[Data extract]:
☆ ☆ ☆

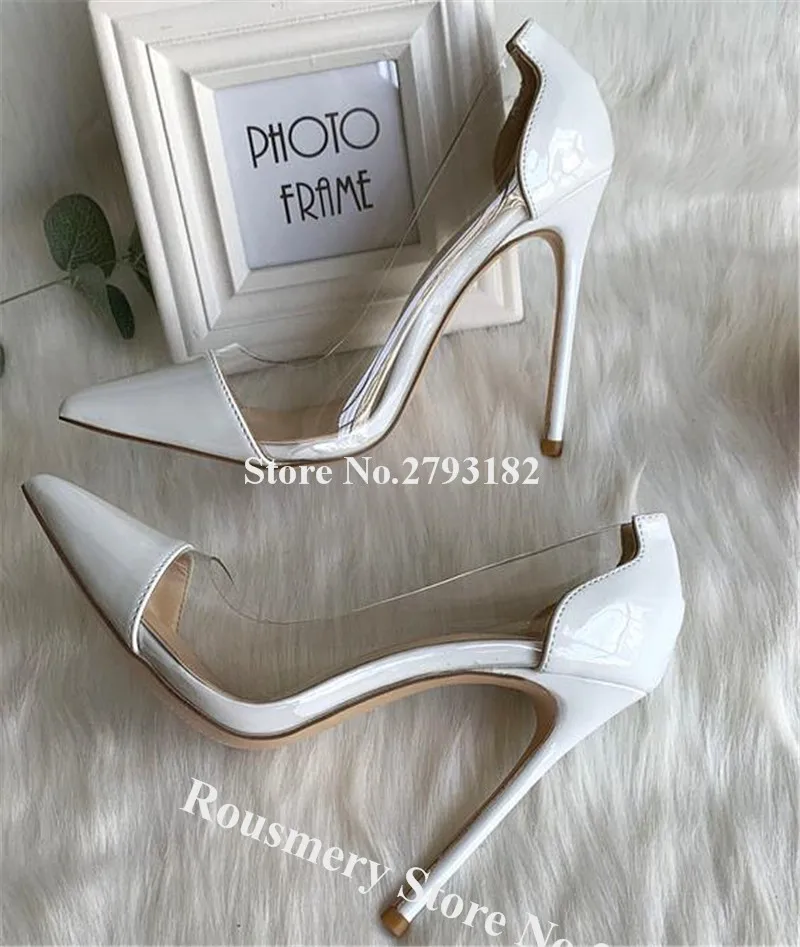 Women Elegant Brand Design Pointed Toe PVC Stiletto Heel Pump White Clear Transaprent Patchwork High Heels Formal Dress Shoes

☆ ☆ ☆

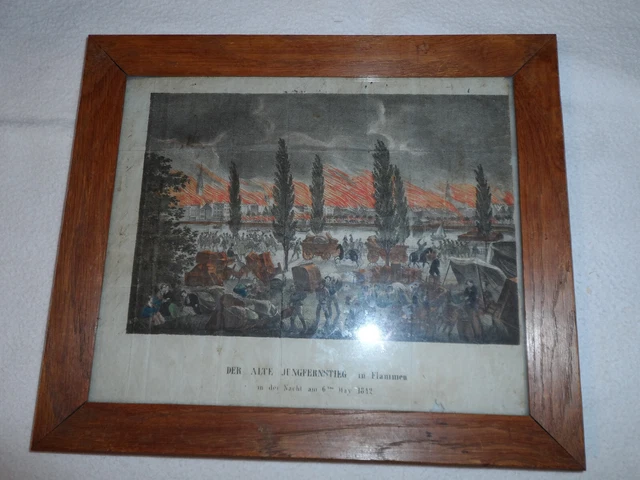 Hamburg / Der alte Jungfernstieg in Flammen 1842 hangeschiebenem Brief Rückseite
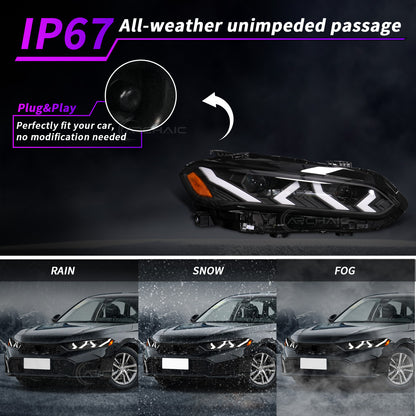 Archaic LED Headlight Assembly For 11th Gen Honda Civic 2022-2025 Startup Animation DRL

☆ ☆ ☆

[Assigned task]: Range to copy from the listing above: the line with "Hamburg / Der" through the line with "Archaic LED Headlight". Transcribe it exactly and skip the pictures.

[Finished task]:
 Hamburg / Der alte Jungfernstieg in Flammen 1842 hangeschiebenem Brief Rückseite
 Archaic LED Headlight Assembly For 11th Gen Honda Civic 2022-2025 Startup Animation DRL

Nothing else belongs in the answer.